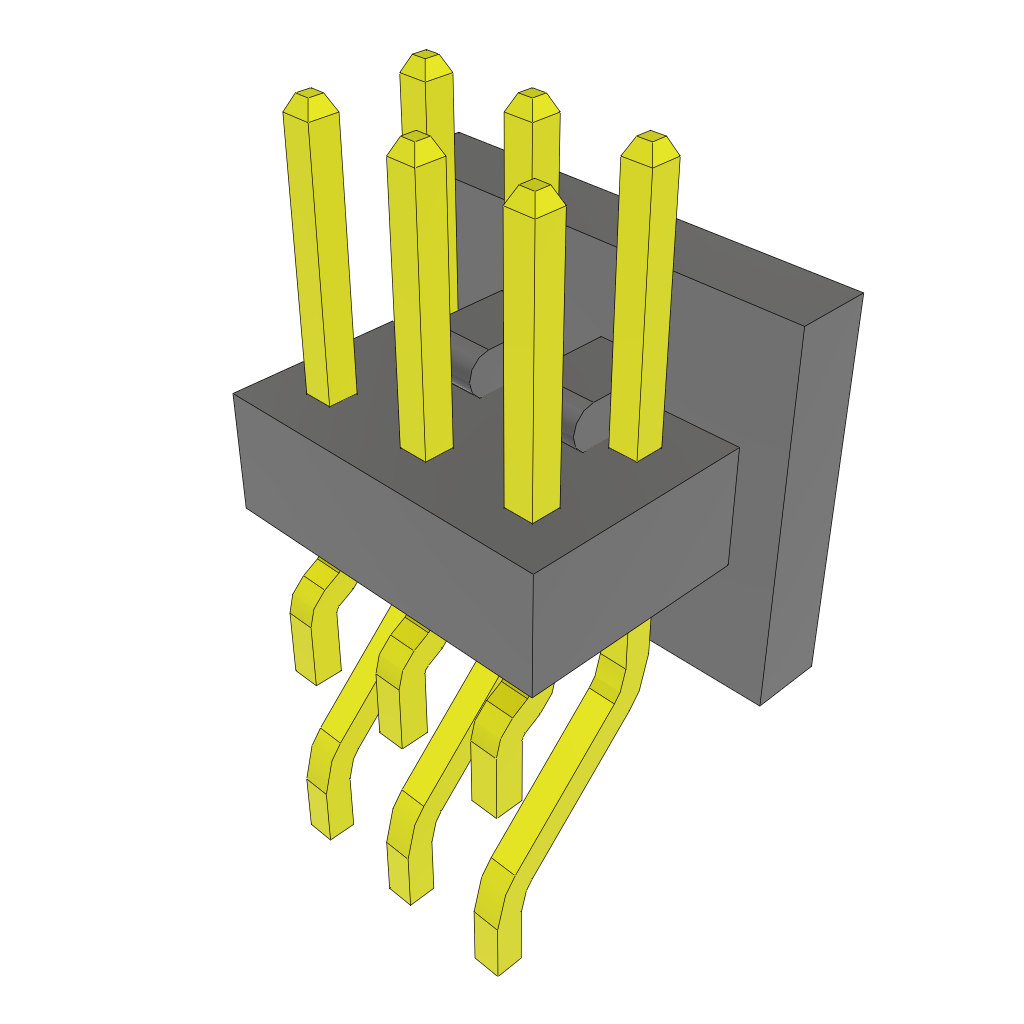 MMT-103-02-F-DH-P by Samtec
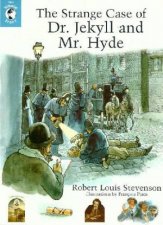 The Strange Case Of Dr Jekyll  Mr Hyde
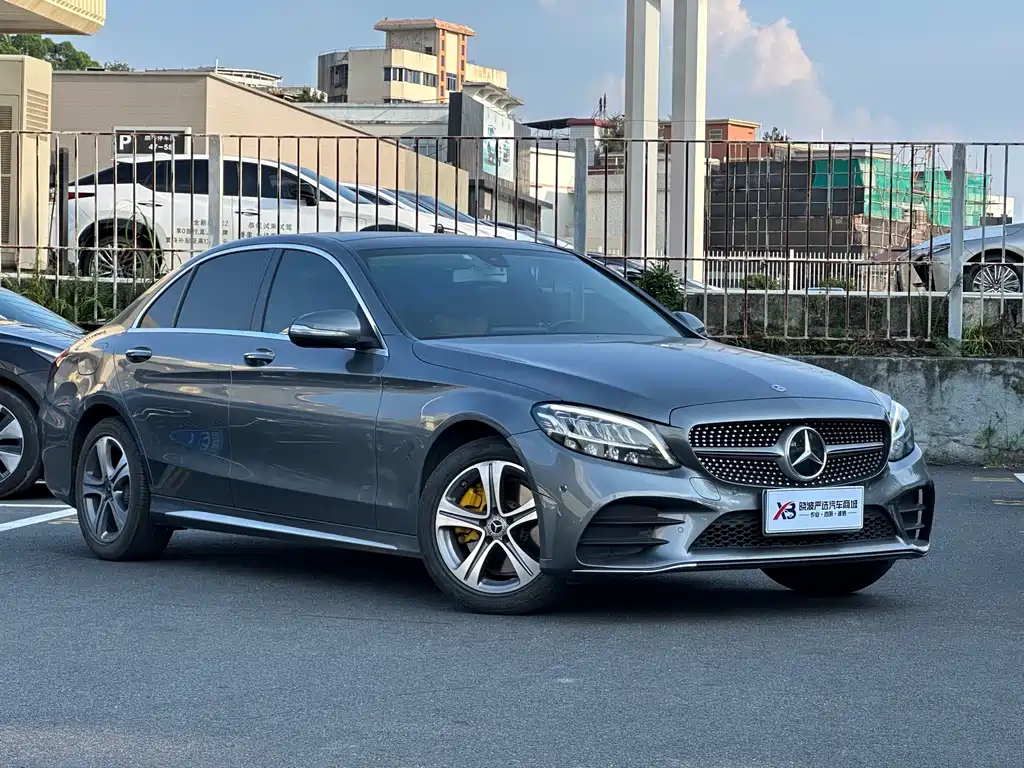 Mercedes-Benz C-Class 2020 — фото 5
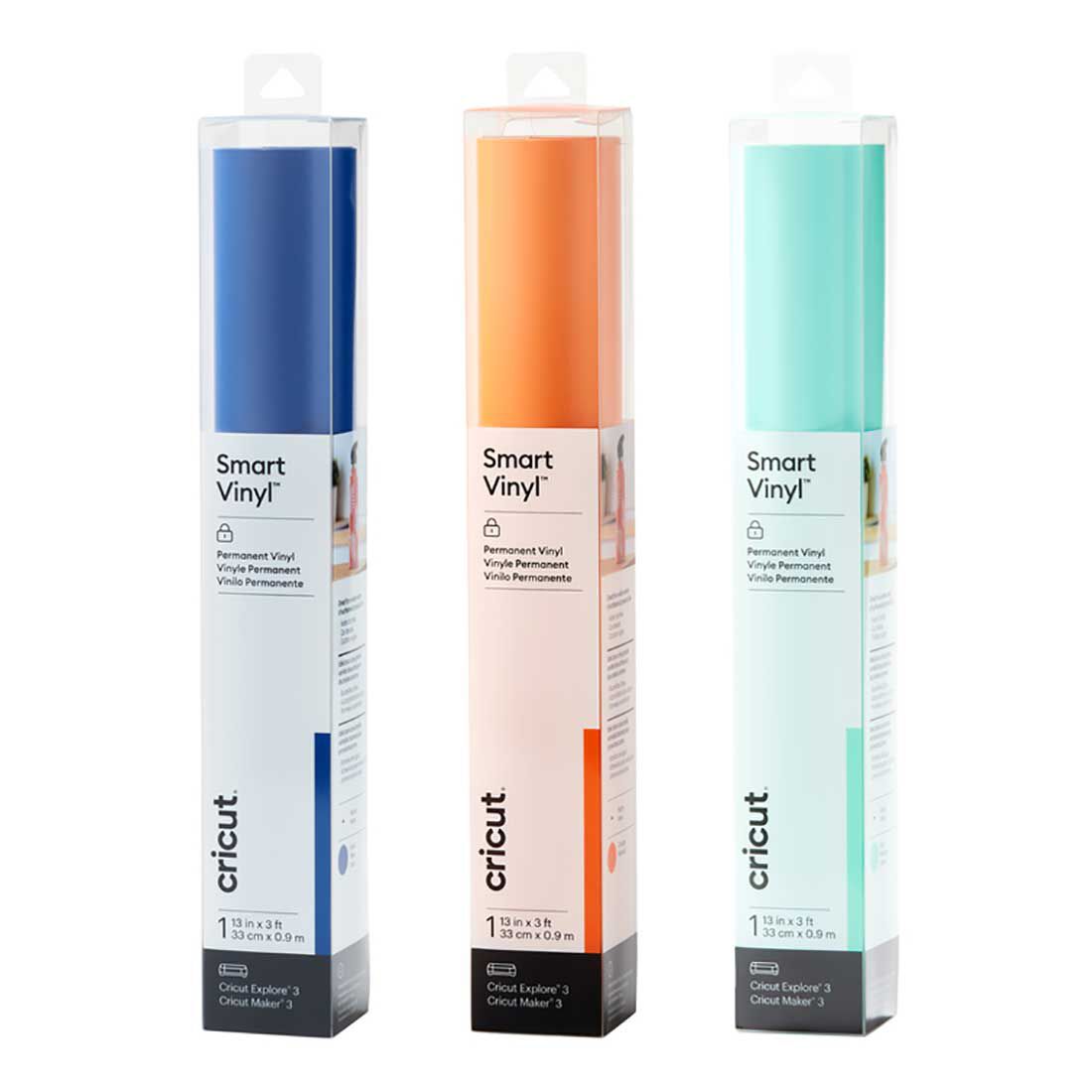 Smart Vinyl™ Sampler – Permanent (3 ft)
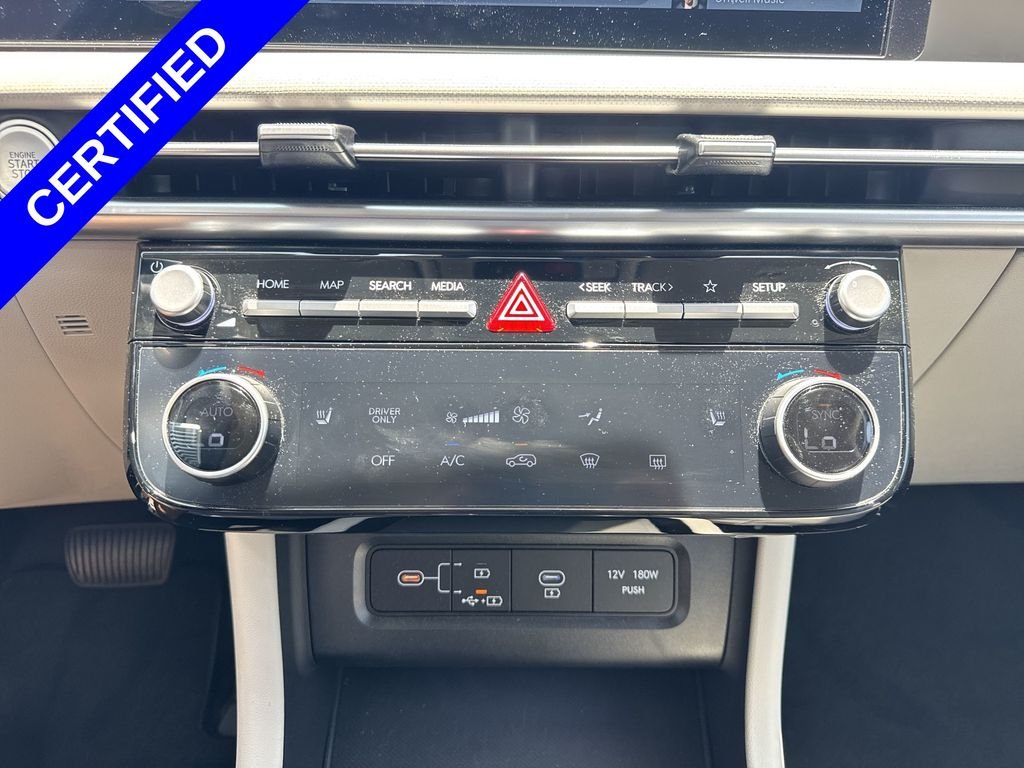 2025 Hyundai Tucson SEL Convenience - Photo 17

[Required action]:
In the copy, leave out all pictures, and retype exactly each line from the one with "Mercedes-Benz C-Class 2020 — фото 5" through the last line of the entries.

[Finished exercise]:
 Mercedes-Benz C-Class 2020 — фото 5
 Smart Vinyl™ Sampler – Permanent (3 ft)
 2025 Hyundai Tucson SEL Convenience - Photo 17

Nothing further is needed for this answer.